A common source of confusion is terminological rather than methodological. In arXiv usage, “CoM” is overloaded. In the present topic it denotes Chain of Manipulations, as in CogCoM and Video-CoM (Qi et al., 2024, Rasheed et al., 28 Nov 2025). Other contemporaneous papers use CoM for Chain-of-Memory, Chain of Modality, or Chain of Merges, and explicitly note that these are not Chain of Manipulations (Xu et al., 14 Jan 2026, Luo et al., 16 Apr 2026, Buzzega et al., 29 Aug 2025). Any encyclopedic treatment therefore needs to separate the manipulation-based visual reasoning literature from unrelated CoM acronyms.

The limitations reported in the two principal CoM papers are also complementary. CogCoM identifies weaknesses in data generation, including limited linguistic step diversity from 5-shot prompting, coarse boxes from GroundingDINO, and OCR failures on slanted text and long strings; it also notes inference overhead from re-inputting manipulated images with hard prompts (Qi et al., 2024). Video-CoM emphasizes that spatial localization is hard, especially for text regions in videos; bounding boxes for text are less reliable than for objects and required manual annotation in the GRPO subset. It also notes that long, homogeneous videos reduce the need for manipulations, error cascades can arise when an early segment choice is wrong, and interactive steps add compute and latency. On VCoM-Bench, average per-iteration latency is 25.90s for Video-CoM, compared with 20.27s for VideoChat-R1.5 and 19.04s for Video-R1 at the same 32-frame setting (Rasheed et al., 28 Nov 2025).
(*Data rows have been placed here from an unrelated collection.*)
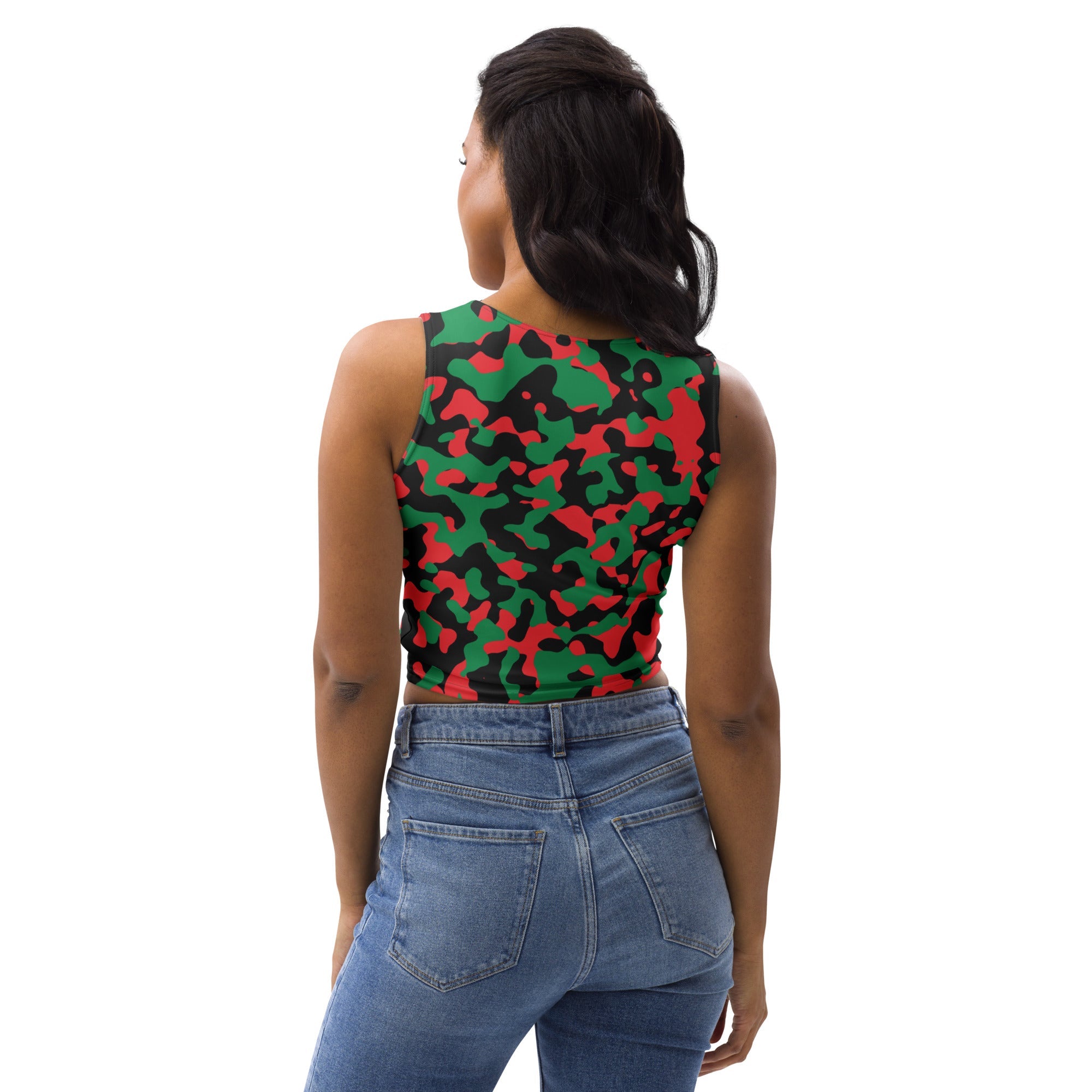 Pan African Flag Camo Crop Top - Conscious Apparel Store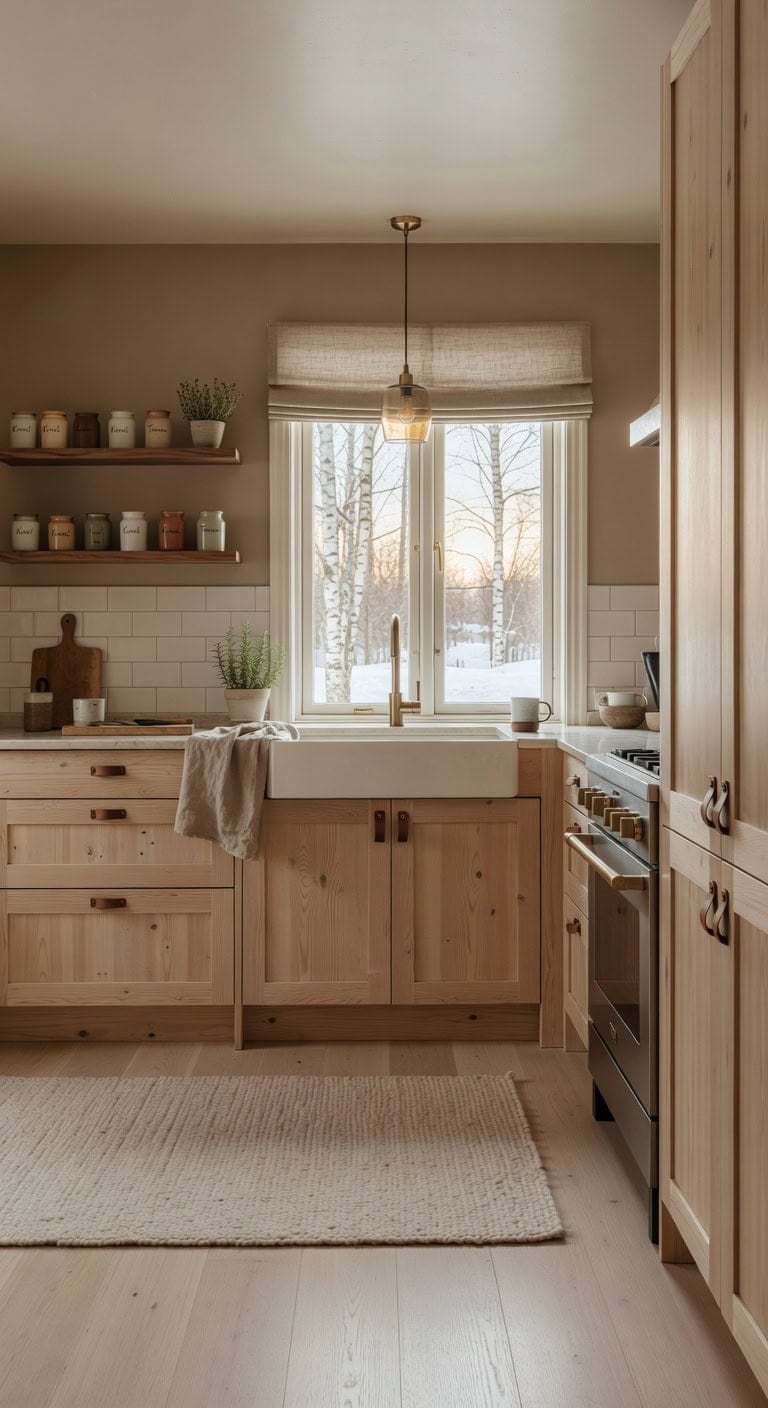 light pine leather wool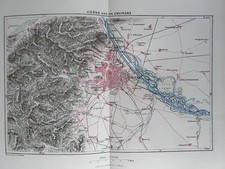 1878 Vienna & Environs Original Antique Map By A. Vuillemin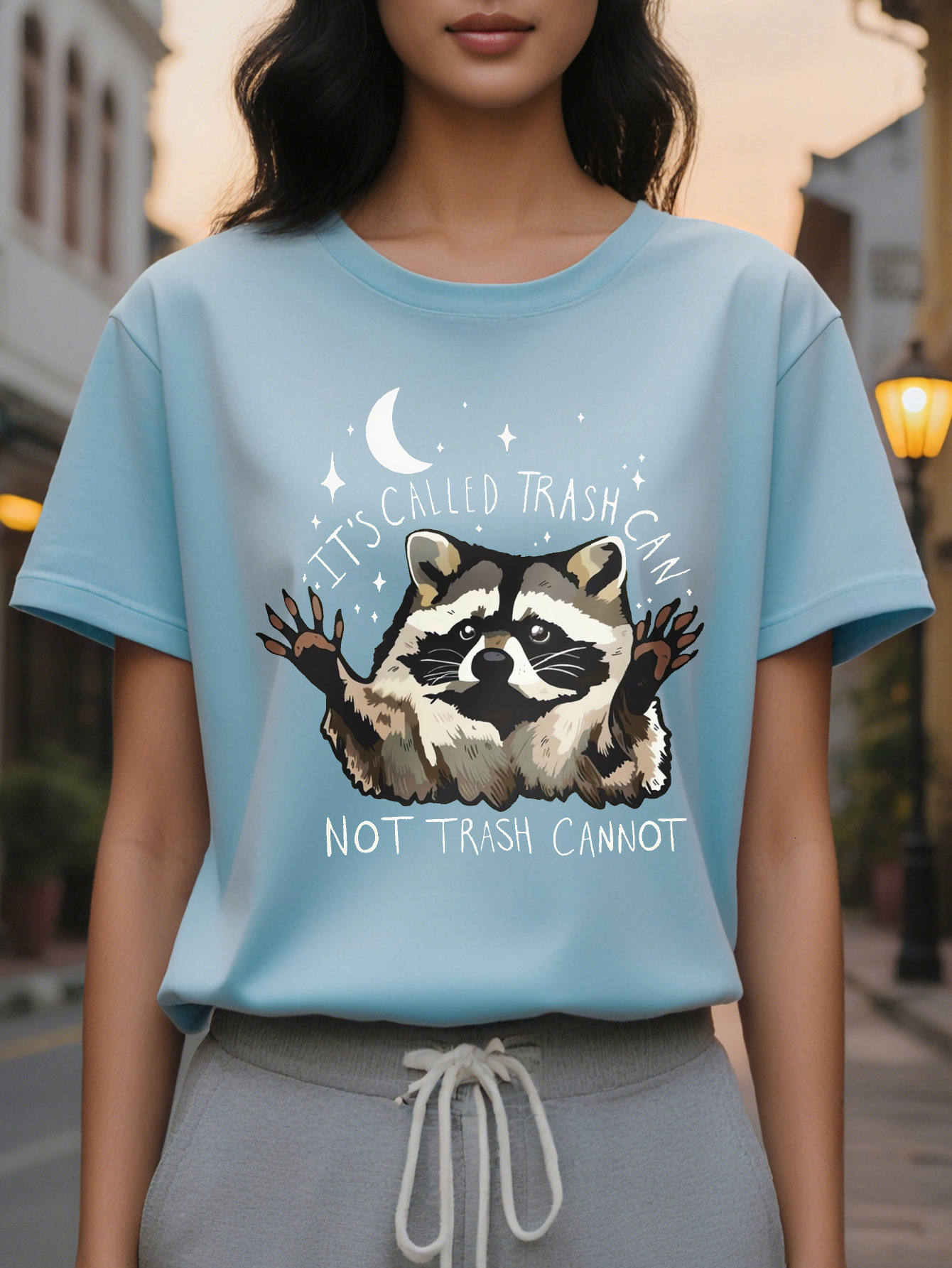 Large XL Women's Casual Fitted Round Neck T-Shirt Humorous Trash Can Graphic Print Gray Medium Stretch Washable Summer Plus Size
The future directions named in the video work indicate where the framework may expand next: richer action spaces such as speed changes, object tracking, motion magnification, and temporal differencing; better grounding metrics and automatic tubelet annotation; hierarchical CoM for very long videos; and joint audio-visual manipulations when audio is available (Rasheed et al., 28 Nov 2025). CogCoM, by contrast, points toward in-vector manipulations that would avoid repeated image encoding, as well as more diverse manipulations and supervision for greater robustness (Qi et al., 2024).

Taken together, these papers define Chain of Manipulations as a general paradigm for grounded multimodal reasoning in which the model does not merely condition on visual input, but actively restructures that input through a sequence of evidence-producing operations. In the image case, this yields multi-turn chains over grounding, OCR, counting, calculation, and zoom. In the video case, it yields interactive trajectories over segment retrieval, frame selection, and spatial zoom. The unifying claim is that faithful reasoning improves when intermediate steps are themselves visual actions whose returns can be inspected, verified, and optimized (Qi et al., 2024, Rasheed et al., 28 Nov 2025).